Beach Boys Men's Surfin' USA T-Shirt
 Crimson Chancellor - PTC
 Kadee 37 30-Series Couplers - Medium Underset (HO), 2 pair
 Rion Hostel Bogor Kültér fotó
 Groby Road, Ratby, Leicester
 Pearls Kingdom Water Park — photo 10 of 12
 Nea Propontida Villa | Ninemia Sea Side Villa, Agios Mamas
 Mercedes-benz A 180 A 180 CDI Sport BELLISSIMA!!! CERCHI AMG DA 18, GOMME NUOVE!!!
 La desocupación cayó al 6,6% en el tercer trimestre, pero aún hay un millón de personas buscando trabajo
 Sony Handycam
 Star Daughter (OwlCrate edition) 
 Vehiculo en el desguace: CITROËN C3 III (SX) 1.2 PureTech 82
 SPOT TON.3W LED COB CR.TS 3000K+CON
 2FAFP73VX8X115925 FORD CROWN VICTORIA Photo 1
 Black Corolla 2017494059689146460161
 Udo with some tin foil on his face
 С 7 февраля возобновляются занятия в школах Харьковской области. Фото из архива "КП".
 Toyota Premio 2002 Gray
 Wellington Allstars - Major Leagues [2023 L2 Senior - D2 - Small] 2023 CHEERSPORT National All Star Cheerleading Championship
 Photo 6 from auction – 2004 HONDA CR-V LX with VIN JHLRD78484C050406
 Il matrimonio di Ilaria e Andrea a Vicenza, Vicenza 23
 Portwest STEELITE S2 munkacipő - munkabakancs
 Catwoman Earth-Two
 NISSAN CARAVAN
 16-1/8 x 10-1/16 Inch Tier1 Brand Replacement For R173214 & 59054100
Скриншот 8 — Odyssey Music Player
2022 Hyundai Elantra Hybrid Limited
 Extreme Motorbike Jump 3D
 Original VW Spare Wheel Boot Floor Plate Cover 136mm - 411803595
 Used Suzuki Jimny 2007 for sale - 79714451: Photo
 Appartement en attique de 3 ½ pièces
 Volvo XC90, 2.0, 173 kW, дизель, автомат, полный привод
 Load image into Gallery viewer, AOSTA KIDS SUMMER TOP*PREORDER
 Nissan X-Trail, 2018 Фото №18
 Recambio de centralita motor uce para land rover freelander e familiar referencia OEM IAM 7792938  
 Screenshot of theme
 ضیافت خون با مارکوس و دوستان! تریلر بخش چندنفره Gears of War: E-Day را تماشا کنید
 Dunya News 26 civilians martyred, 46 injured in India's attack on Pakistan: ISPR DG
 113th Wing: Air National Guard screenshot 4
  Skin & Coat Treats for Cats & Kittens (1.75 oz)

------------------------------------

BRIEF: Begin with the line that contains "Used Suzuki Jimny" and set down each line exactly until the records above end, including the final line.

ANSWER BOX:
 Used Suzuki Jimny 2007 for sale - 79714451: Photo
 Appartement en attique de 3 ½ pièces
 Volvo XC90, 2.0, 173 kW, дизель, автомат, полный привод
 Load image into Gallery viewer, AOSTA KIDS SUMMER TOP*PREORDER
 Nissan X-Trail, 2018 Фото №18
 Recambio de centralita motor uce para land rover freelander e familiar referencia OEM IAM 7792938  
 Screenshot of theme
 ضیافت خون با مارکوس و دوستان! تریلر بخش چندنفره Gears of War: E-Day را تماشا کنید
 Dunya News 26 civilians martyred, 46 injured in India's attack on Pakistan: ISPR DG
 113th Wing: Air National Guard screenshot 4
  Skin & Coat Treats for Cats & Kittens (1.75 oz)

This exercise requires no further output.